INPUT FOR THIS TASK:
*** Block opens ***
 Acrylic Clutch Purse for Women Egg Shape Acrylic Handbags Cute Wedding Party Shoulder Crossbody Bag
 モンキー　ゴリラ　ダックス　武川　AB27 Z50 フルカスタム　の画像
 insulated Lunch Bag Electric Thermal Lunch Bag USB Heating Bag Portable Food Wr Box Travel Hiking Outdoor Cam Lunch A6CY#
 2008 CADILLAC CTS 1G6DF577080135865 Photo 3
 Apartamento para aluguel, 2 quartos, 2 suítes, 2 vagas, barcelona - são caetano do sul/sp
*** Block closes ***
*** Block opens ***
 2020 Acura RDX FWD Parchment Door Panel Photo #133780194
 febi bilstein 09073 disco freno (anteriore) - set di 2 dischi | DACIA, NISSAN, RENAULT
*** Block closes ***
*** Block opens ***
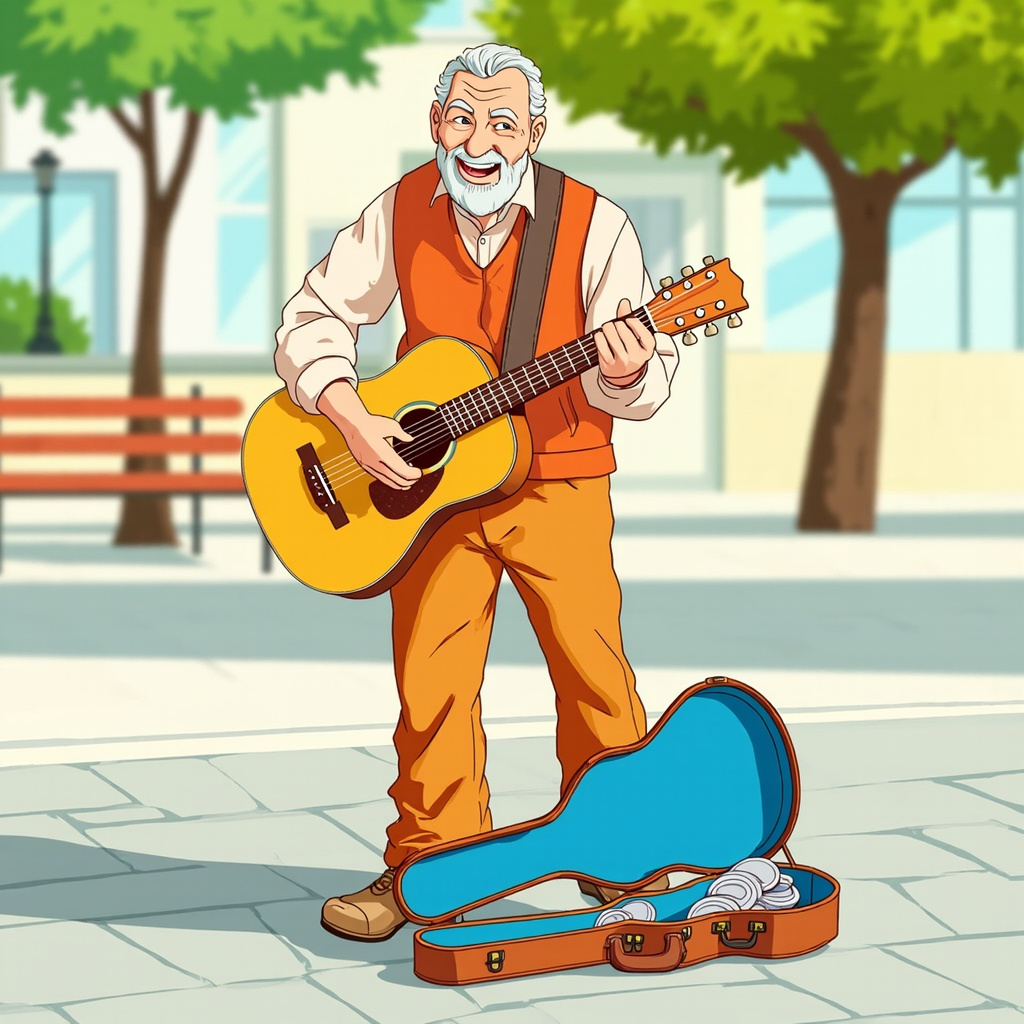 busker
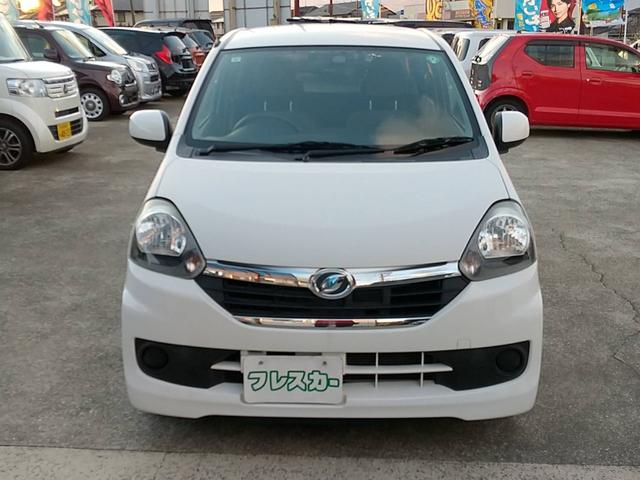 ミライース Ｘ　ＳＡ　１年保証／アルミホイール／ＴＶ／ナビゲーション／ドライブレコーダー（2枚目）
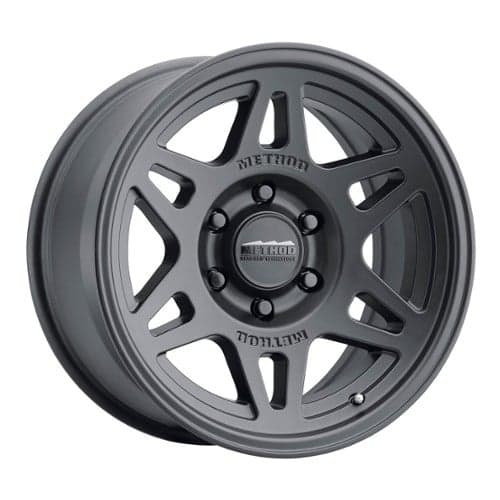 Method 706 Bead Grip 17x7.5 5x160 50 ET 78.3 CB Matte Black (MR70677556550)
*** Block closes ***
PROBLEM:
The answer must be the lines above from the one containing "ミライース Ｘ　ＳＡ　１年保" through the one containing "Method 706 Bead", reproduced exactly, with no pictures and nothing else.

REPLY TO THE TASK:
 ミライース Ｘ　ＳＡ　１年保証／アルミホイール／ＴＶ／ナビゲーション／ドライブレコーダー（2枚目）
 Method 706 Bead Grip 17x7.5 5x160 50 ET 78.3 CB Matte Black (MR70677556550)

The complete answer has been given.